= Novice (racehorse) =

Inexperienced racehorse

A novice in horse racing is an inexperienced racehorse which has not run in a certain number of races of a particular type, or not won in such races. The definition of a novice is determined by the horse racing authority in a particular country or area.

==Flat racing==
In British Flat racing novice races are generally restricted to horses which have not won more than twice, have not won a race of a particular status or have not run more than twice. Specific conditions apply to auction races restricted to horses sold at public auctions.

==National Hunt racing==
A novice in National Hunt horse racing is a horse which has not won in a particular type of race prior to the start of the current season. A novice hurdler has not won a hurdle race before the start of the current season, while a novice chaser has not won a steeplechase before the start of the current season.

A horse remains a novice until the end of the season in which it gains its first win in that particular category, no matter how many wins it achieves. Generally novices race against other novices although there is no restriction preventing novices competing against more experienced rivals. Occasionally a novice wins a major race outside novice company - Captain Christy in 1974 and Coneygree in 2015 won the Cheltenham Gold Cup as novices, as did Make A Stand in the 1997 Champion Hurdle. Noble Yeats won the 2022 Grand National as a novice.

A modern development has seen a concession whereby horses that record their first win in a given sphere in March or April may contest novice events up to 31 October of that year. This period was extended to 30 November from the 2022–23 season in British National Hunt racing.
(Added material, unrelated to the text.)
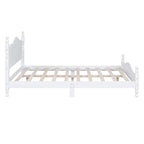 Struttura letto a piattaforma in legno a doghe bianco/nero – Matrimoniale/Queen, 1 persona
==Principal novice races==
The most important races run for novices in Great Britain are all run as Grade 1 events at the Cheltenham Festival

- Brown Advisory Novices' Chase run over three miles 110 yards.
- Arkle Challenge Trophy run over two miles (3 km).
- Ballymore Novices' Hurdle run over two miles five furlongs.
- Supreme Novices' Hurdle run over two miles 110 yards.
- Triumph Hurdle run over two miles one furlong and restricted to four-year-olds only.